A surprise fourth-quarter loss at Deutsche Bank saw shares at the bank fall sharply before recovering most of their ground by the end of the day.
The loss came after a steep drop in debt trading revenues and heavy litigation and restructuring costs that prompted the bank to warn of a challenging 2014.
Germany's biggest bank said revenue at its important debt-trading division fell 31% in the quarter, a much bigger drop than at US rivals, which have also suffered from sluggish fixed-income trading.
Deutsche's bond trading business is one of its biggest and contributed 73% of total trading revenue in 2013, the bank said.
The unexpected loss is likely to compound problems that have dogged the bank over the past year, which include a list of lawsuits and regulatory wrangles.
It will also increase pressure on co-chief executives Anshu Jain and Juergen Fitschen to overhaul the group, including pushing through a culture change.
Deutsche's bond trading slump highlights the impact of a debt market slowdown in anticipation of an end to the US Federal Reserve's bond buying to help the US economy.
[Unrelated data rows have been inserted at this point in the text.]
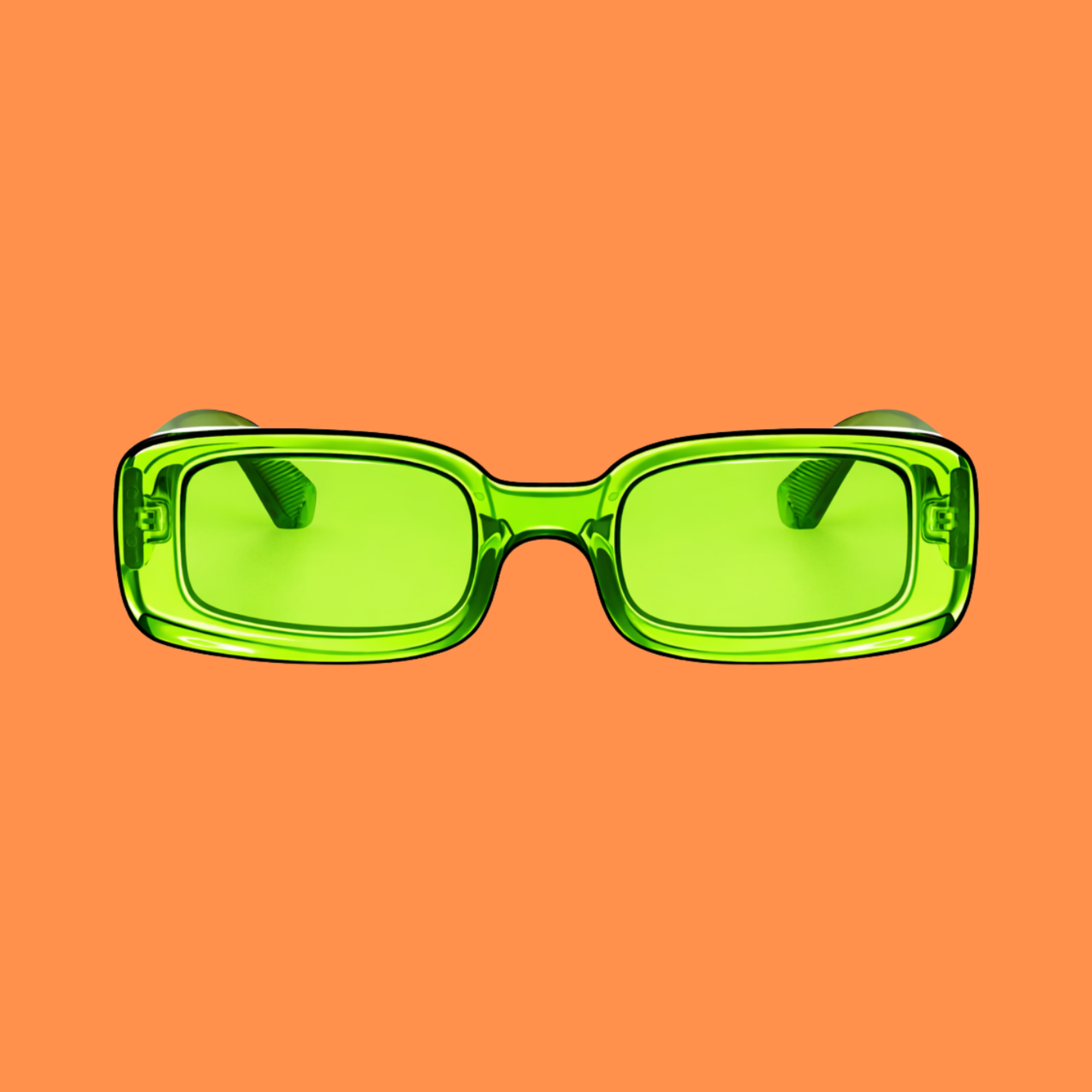 Green sunglasses on an orange background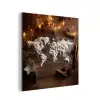 Wereldkaart - Poedersuiker - Hout aluminium wit klein -3d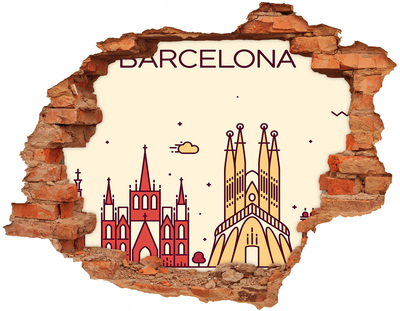 Samoprzylepna dziura na ścianę Napis Barcelona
But bond trading revenues at other big investment banks have not fallen as sharply as at Deutsche. At Goldman Sachs and Citi, for example, revenue from bond trading fell 11% and 15% respectively in the fourth quarter.
Heavy costs for litigation and restructuring also hit the bank's performance, as well as one-off accounting charges.
Litigation cost it €528m in the quarter, bringing the year's bill for fines and settlements to €2.5 billion and lowering litigation reserves to €2.3 billion by the end of the year.
Deutsche was fined $1.9 billion in December by the US Federal Housing Finance Agency and was also fined €725m by European Union competition regulators for rigging benchmark interest rates.
The bank's fourth-quarter pre-tax loss was €1.15 billion.
Deutsche's shares fell as much as 5% in morning trade, but pared losses to trade down 3.66% in later trade.
On the positive side, the bank’s restructuring plan is ahead of target and its all-important capital ratios met industry expectations even after the higher losses thanks to a greater than expected reduction in assets.
Analysts had been positive about Deutsche before the bank's unexpected publication of results late last night, with 23 of the 36 covering the stock rating it a "strong buy" or "buy" and another seven rating it a "hold," according to Thomson Reuters data.
Before today, Deutsche Bank shares had rallied 13% so far in 2014, in line with European banking rivals.
The bank took a one-off charge of €197m from the expected sale of BHF-Bank and accounting charges. And Deutsche also took €623m of charges for credit valuation adjustments (CVA), debt valuation adjustments (DVA) and funding valuation adjustments (FVA).
The bank posted full-year pre-tax profit of €2.1 billion, half of the €4.21 billion expected by analysts, according to data from Thomson Reuters. The bank was originally scheduled to report results on January 29.